Crude hits 12-month high of $82 a barrel on 21 October

Oil prices moved back above $80 a barrel on 22 October as values for the key commodity continued to track movements in the US dollar.

The US’ benchmark December West Texas Intermediate (WTI) oil contract was trading at $80.70 a barrel on 22 October, down from highs over $82 a barrel seen the day before, the highest price since 14 October 2008. The contract was trading up $5.60 from the $75.10 a barrel recorded a week before.

Europe’s December Brent contract was trading at $79.10 a barrel on 22 October, up $5.90 from the $73.20 seen a week before.

The average price for the Opec member states’ 12 crudes was $76.37 a barrel on 21 October, the last date figures were available.

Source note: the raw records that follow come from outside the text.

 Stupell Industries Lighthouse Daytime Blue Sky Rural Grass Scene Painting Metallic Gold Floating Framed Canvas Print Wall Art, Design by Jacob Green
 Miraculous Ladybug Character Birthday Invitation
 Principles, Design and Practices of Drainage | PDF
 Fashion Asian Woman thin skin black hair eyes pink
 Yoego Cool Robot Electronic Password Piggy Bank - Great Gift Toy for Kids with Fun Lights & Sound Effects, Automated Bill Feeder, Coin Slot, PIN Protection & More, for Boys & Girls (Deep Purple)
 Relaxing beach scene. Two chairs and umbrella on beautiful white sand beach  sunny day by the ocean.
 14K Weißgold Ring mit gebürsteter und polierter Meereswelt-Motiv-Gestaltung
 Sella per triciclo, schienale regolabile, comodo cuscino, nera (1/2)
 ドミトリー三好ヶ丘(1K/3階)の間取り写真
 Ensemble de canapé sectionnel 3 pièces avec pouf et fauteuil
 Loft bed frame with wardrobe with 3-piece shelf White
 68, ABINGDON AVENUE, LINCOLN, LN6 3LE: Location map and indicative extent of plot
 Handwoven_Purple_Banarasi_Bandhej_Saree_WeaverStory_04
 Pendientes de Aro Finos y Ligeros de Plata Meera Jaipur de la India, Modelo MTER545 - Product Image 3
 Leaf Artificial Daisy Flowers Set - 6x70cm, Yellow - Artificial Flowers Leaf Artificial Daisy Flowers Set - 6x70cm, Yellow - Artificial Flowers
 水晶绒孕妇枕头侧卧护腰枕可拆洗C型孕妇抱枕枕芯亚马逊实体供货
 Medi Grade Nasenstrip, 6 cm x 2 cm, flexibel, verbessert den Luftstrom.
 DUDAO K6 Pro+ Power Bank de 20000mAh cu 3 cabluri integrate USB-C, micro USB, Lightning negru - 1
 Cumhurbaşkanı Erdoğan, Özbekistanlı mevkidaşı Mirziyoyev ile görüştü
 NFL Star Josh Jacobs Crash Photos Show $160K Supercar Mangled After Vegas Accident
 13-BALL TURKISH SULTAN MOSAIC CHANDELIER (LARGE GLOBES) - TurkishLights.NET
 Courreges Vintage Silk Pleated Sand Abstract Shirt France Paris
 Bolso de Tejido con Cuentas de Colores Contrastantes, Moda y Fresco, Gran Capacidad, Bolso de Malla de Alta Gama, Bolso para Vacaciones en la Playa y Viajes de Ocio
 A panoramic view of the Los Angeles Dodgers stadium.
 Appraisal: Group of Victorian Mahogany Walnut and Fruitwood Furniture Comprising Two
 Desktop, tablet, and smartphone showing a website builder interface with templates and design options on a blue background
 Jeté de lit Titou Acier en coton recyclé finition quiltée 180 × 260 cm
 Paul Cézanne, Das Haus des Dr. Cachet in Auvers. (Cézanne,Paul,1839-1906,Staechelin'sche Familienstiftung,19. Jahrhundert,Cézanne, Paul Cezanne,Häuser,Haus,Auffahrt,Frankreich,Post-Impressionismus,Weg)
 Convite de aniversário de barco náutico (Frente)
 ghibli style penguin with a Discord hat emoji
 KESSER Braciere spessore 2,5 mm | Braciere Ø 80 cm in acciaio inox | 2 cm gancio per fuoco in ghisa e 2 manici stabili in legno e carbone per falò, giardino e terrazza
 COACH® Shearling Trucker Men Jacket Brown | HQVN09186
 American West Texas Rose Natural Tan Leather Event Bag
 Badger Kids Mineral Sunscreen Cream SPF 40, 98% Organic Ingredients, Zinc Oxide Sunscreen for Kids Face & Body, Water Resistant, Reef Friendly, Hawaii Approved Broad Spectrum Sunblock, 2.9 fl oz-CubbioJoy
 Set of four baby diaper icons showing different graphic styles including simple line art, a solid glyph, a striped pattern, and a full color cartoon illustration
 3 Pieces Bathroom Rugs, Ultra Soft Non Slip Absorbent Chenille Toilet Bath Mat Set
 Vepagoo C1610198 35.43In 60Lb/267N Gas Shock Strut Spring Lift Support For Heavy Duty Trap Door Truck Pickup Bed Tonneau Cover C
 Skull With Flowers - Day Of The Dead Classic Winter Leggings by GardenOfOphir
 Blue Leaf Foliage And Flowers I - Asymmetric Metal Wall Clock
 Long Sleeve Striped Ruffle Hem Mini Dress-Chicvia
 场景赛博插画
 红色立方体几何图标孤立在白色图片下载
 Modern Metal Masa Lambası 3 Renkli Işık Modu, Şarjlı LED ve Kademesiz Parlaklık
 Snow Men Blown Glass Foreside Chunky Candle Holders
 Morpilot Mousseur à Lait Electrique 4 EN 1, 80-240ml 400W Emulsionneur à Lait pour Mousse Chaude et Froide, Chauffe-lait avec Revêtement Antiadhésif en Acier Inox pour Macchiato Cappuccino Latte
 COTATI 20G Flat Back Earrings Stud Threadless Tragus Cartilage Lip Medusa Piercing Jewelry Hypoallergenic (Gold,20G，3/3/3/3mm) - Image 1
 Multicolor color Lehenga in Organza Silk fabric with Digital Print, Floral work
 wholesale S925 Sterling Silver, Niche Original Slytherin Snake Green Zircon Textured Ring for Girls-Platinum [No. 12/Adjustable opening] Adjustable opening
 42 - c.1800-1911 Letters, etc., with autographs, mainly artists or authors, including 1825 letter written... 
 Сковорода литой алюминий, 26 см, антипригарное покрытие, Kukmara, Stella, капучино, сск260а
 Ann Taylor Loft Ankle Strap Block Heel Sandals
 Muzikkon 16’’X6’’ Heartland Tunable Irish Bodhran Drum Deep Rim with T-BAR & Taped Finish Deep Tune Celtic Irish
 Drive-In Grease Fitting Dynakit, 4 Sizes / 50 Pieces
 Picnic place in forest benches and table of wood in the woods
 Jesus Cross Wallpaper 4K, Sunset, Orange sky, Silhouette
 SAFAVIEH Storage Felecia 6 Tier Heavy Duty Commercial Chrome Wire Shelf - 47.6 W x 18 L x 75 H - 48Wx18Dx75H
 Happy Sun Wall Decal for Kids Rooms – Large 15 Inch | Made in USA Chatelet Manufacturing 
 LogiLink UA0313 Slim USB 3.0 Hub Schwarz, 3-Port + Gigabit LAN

This was up $4.41 from the $71.96 a barrel seen seven days earlier.

Analysts say that crude oil prices continue to rise on a weakening US dollar, which sunk to a 14-month low of $1.5047 against the European single currency the euro on 21 October. They attribute the fall from $82 a barrel to ‘profit-taking’ – traders selling oil at what they see as peak prices – and a rise in the dollar against other currencies.

The past two years have been the most volatile on record for crude oil prices which hit a record high of $147 a barrel in July 2008 before collapsing to below $35 a barrel in February 2009 and then staging a gradual recovery to more than $80 a barrel.